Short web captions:
□ □ □ □

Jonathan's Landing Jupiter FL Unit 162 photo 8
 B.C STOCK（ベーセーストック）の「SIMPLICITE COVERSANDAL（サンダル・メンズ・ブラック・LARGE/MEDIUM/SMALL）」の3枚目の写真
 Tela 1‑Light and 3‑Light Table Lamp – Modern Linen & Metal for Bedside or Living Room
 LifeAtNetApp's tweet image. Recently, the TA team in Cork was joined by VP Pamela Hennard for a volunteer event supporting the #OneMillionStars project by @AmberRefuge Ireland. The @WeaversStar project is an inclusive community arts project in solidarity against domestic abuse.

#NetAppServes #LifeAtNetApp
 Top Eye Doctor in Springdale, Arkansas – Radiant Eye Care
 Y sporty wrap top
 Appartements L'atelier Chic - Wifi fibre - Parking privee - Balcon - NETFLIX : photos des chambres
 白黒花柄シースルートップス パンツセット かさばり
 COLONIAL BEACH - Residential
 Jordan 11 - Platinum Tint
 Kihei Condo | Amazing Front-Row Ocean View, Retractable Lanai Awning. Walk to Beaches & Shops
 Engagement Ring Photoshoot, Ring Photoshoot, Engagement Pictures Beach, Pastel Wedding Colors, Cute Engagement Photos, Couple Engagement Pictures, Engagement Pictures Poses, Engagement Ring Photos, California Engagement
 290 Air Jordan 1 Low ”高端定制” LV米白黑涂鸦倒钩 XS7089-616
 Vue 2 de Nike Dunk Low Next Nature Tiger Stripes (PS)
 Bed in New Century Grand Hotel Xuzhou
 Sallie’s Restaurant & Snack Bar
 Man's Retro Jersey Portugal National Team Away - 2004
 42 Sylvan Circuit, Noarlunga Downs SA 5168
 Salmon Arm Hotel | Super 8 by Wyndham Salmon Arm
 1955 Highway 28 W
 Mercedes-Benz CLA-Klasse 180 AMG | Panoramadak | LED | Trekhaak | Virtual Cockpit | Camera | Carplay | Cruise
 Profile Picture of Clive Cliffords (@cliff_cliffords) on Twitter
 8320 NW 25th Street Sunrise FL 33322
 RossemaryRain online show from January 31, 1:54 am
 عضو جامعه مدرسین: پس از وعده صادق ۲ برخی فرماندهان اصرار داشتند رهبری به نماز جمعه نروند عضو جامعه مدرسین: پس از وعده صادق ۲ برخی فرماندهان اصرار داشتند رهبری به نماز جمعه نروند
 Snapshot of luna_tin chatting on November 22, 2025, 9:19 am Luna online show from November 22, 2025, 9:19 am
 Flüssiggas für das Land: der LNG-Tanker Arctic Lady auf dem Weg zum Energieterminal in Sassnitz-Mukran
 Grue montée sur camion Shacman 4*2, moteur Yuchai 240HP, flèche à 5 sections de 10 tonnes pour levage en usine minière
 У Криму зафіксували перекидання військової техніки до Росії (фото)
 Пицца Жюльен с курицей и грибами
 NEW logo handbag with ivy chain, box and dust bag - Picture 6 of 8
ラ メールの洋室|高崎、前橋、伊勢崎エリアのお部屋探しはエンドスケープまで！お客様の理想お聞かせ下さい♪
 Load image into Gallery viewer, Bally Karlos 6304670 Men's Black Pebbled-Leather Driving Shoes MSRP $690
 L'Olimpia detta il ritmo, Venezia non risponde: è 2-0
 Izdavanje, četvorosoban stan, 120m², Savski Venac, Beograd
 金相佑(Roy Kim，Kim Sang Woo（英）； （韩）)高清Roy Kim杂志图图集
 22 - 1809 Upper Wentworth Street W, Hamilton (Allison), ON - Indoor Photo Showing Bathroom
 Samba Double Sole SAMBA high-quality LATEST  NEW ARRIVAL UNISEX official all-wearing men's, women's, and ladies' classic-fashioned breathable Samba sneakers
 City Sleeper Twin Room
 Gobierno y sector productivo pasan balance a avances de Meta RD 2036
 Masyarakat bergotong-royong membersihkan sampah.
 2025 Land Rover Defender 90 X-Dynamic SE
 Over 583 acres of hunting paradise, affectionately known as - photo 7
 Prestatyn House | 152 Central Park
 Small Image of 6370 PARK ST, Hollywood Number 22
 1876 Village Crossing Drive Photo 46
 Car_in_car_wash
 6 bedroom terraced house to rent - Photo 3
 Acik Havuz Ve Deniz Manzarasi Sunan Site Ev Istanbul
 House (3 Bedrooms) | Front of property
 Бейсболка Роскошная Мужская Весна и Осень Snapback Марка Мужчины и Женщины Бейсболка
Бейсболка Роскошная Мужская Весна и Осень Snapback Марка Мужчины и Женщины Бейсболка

□ □ □ □

From the records above, repeat exactly the lines from the one with "Samba Double Sole" through the one with "Small Image of", both included.

 Samba Double Sole SAMBA high-quality LATEST  NEW ARRIVAL UNISEX official all-wearing men's, women's, and ladies' classic-fashioned breathable Samba sneakers
 City Sleeper Twin Room
 Gobierno y sector productivo pasan balance a avances de Meta RD 2036
 Masyarakat bergotong-royong membersihkan sampah.
 2025 Land Rover Defender 90 X-Dynamic SE
 Over 583 acres of hunting paradise, affectionately known as - photo 7
 Prestatyn House | 152 Central Park
 Small Image of 6370 PARK ST, Hollywood Number 22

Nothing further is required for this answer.